Vous avez pu redémarrer d'une page blanche.
Exactement, on a eu une page blanche devant nous, tout en étant très respectueux, avec la volonté de faire le lien avec ce passé. Mais sans la lourdeur que l'on peut avoir quand on est dans une entreprise qui est ouverte, avec des changements difficiles à faire parfois. Vous voyez ?
On a démarré en tâtonnant, sur les horaires, sur les formats, sur le public. Par contre, là où on a été tout de suite en phase, où l'on a su tout de suite ce que l'on voulait faire, c'était de chanter en direct, en vrai, ce qui veut dire s'éloigner des codes du transformisme. C'était il y a sept ans, ça paraît loin maintenant même si ça ne l'est pas tant que ça. À l'époque, le transformisme était très associé à ces codes : quand une personne était déguisée en femme sur scène, c'était fatalement qu'elle allait faire semblant de chanter en play-back, comme chez Michou. On a voulu s'en affranchir, en chantant en direct, et finalement on revenait ainsi aux racines — car on sait très bien qu'en 1946, les travestis chantaient chez Madame Arthur. C'est Michou qui a été révolutionnaire en leur faisant faire du play-back, à l'époque ça avait détonné, c'était très original. Mais ça ne l'était plus quand nous sommes arrivés. On savait donc que l'on voulait faire ça et on savait aussi que l'on voulait chanter en français. C'étaient nos deux fondamentaux. Et avoir un accompagnement au piano.
Les artistes font ce qu'ils veulent
Ce qui est aussi une nouveauté à notre connaissance, ce sont les tournées comme celle qui vous amène à Lyon. Pourquoi cette volonté de sortir de votre cabaret, est-ce que ça existait avant ?
Oui, c'était notre volonté initiale. Il y en a eu avant, mais nous ne sommes pas calqués dessus... On s'en est rendu compte après avoir commencé : Madame Arthur travaillait déjà la tournée à l'époque. Ils le faisaient dans d'autres types de lieux, jusqu'en Amérique du Sud ! Je n'ai pas toute l'histoire, mais je pense qu'ils avaient à l'époque des réseaux de lieux typiques, de cabarets travestis, un petit peu sur toute la planète et il devait sans doute y avoir des parcours, peut-être plus faciles qu'aujourd'hui, avec des lieux identifiés à tel et tel endroit, donc ils allaient à la rencontre du public dans des cabarets du monde entier.

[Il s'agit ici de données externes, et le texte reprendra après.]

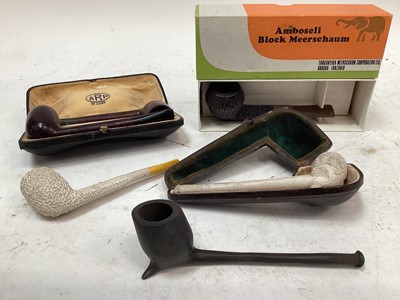 Lot 2620 - Collection of assorted pipes, together with two spotting scopes (1 box)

Nous, pourquoi on l'a fait ? C'était beaucoup d'investissement, cette affaire de cabaret. Beaucoup de répétitions, de cachets d'artistes. On a identifié assez vite qu'une manière de travailler ces investissements, c'était de sortir de chez nous. C'est pour ça qu'on a continué d'investir dans ce projet : on s'est toujours dit, un jour on ira jouer ailleurs, rencontrer d'autres publics.
Nous avons aussi une partie discothèque chez nous, elle peut moins se développer à l'extérieur, a contrario. On a eu envie de s'imaginer un avenir plus grand que celui qui nous était proposé ici. On a eu envie d'y croire et les premières rencontres avec le public ont été bonnes, ça nous a conforté dans cette idée. On a la chance de travailler avec une vingtaine d'artistes, on peut jouer en même temps à Paris et ailleurs.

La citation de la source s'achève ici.